I'm just back from a week in northern Minnesota, at an IWW event called the Work People's College. Labeling events as life-changing seems a bit trite when they won't especially change one's daily behavior, but this was still a pretty spectacular week for me. If you have ever experienced a very good week at Bible camp, with all the late night conversations and the intensity of being around a terrific, supportive community of like-minded people and out in nature somewhat isolated from the doldrums of life in ordinary time, then you'll have an idea of the setting. An exquisite lake formed the backdrop for our camp, and we swam or canoed near every break. Of course, we weren't discussing theology but political praxis most of the time, and we sang labor songs around the campfire.
I have heard that in Barcelona, before the Spanish Civil War wherein the communists and fascists alike killed the anarchists, people were able to look each other in the eye and live with a sense of great equality, greeting each other as Comrade regardless of profession. And indeed in this space we all introduced ourselves with little aplomb. My fellow workers were the best-read group of people I have ever met (bearing in mind that I went to grad school in English, that is saying quite a bit), all knowledgable in some dimension or another of the situation of working people.
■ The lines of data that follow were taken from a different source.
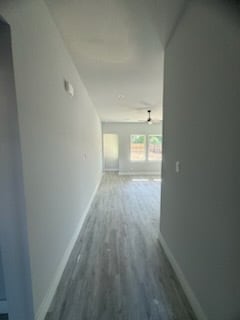 Photo - 3115 Prairie Ave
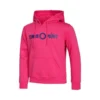 Classic Logo Hoody Kids
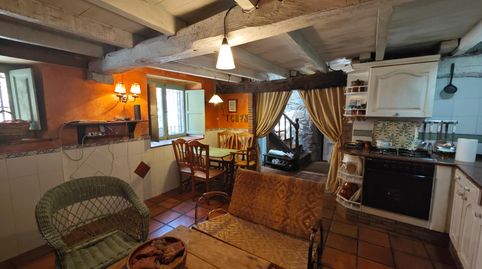Foto 5 de Casa o chalet en venta en Cabuérniga, Cantabria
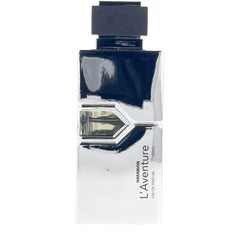 Al Haramain L'Avventura Parfüm Eau De Parfum Intensiver Verführerischer Duft Genuss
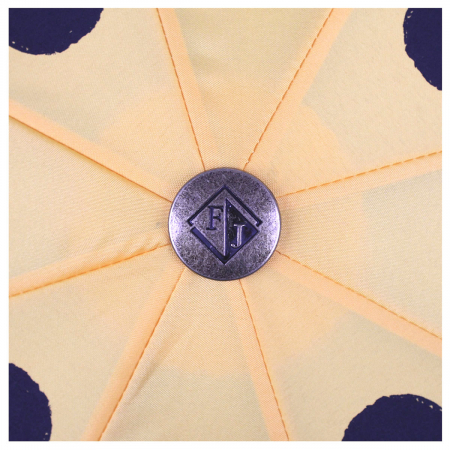 ЗОНТ ПРЕМИУМ ЖЕНСКИЙ АВТОМАТ FLIORAJ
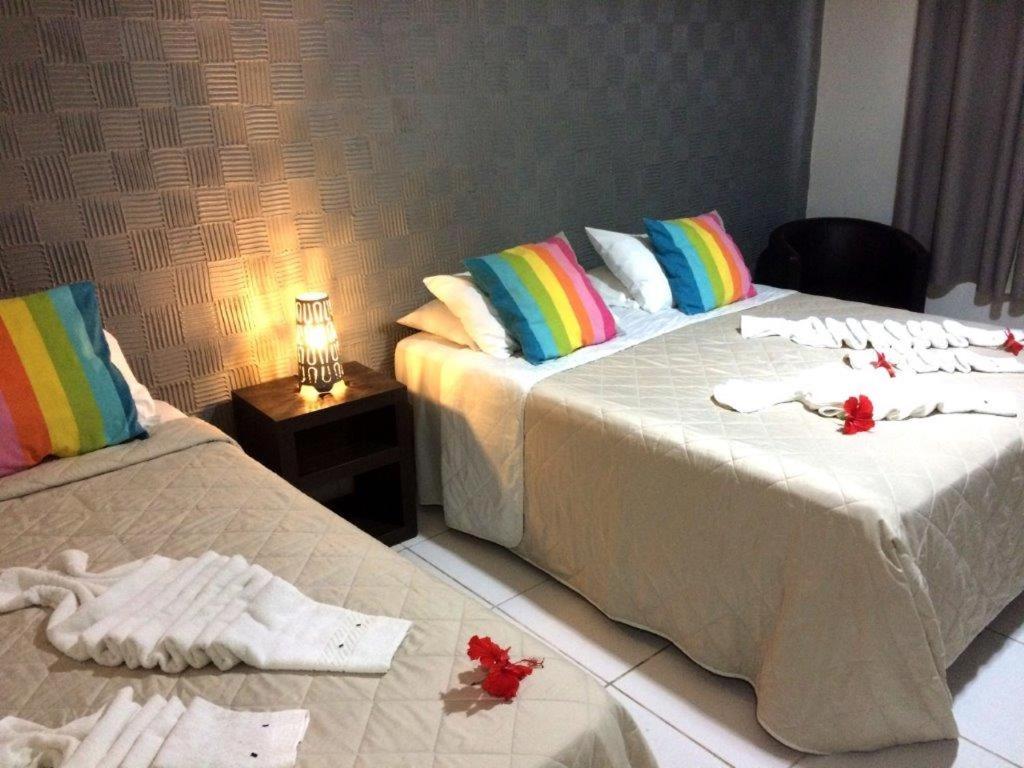 Triple Suite photo 2
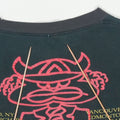 1990 ACDC Razors Edge Tour Shirt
For security reasons, I'm not going to go into specific tales online. I learned a lot about IWW culture and process, all of which would pretty boring to non-Wobblies among my readers, and reduntant to Wobblies. But I have decided on a few ways that my life needs to change as a result of this camp.
First of all, I need to pay less attention to the news. I've been a very well-informed citizen indeed for the past few years (what with my two hours a day of NPR), and resultantly depressed and despairing. During the past week I had very limited news access, and I was happy and productive. The actions of the capitalist state are always going to be against the working people unless we apply massive amounts of pressure. The laws in Kansas are horrible, discriminatory, infuriating, and compel good people to do deeply immoral things. But that is always the status of law imposed by a state for the good of the bosses. Most important liberation must be done by ordinary citizens, anyway, and we can never depend on law or justice in the capitalist legal system to fight discrimination--that must be done on the ground. Laws on the topic are nearly irrelevant. If a community wants to work against the various supremacies that divide us, it will do that work regardless of laws uphold them. If a community remains mired in those supremacies, no law can compel it to embrace our common humanity. So I am going to practice ignoring the abominable legislative attempts to justify oppression, and focus on the work I can do against it.
Secondly, I want to camp more! I proved to myself that I don't have to be inside and recently showered at all times, and that I can set up a tent (although not keep it sitting on the ground and relatively dry--that lesson must come later) and sleep on the ground. There's a certain freedom from possessions and acceptance of nature's commonality in camping and I want to practice those acts more often.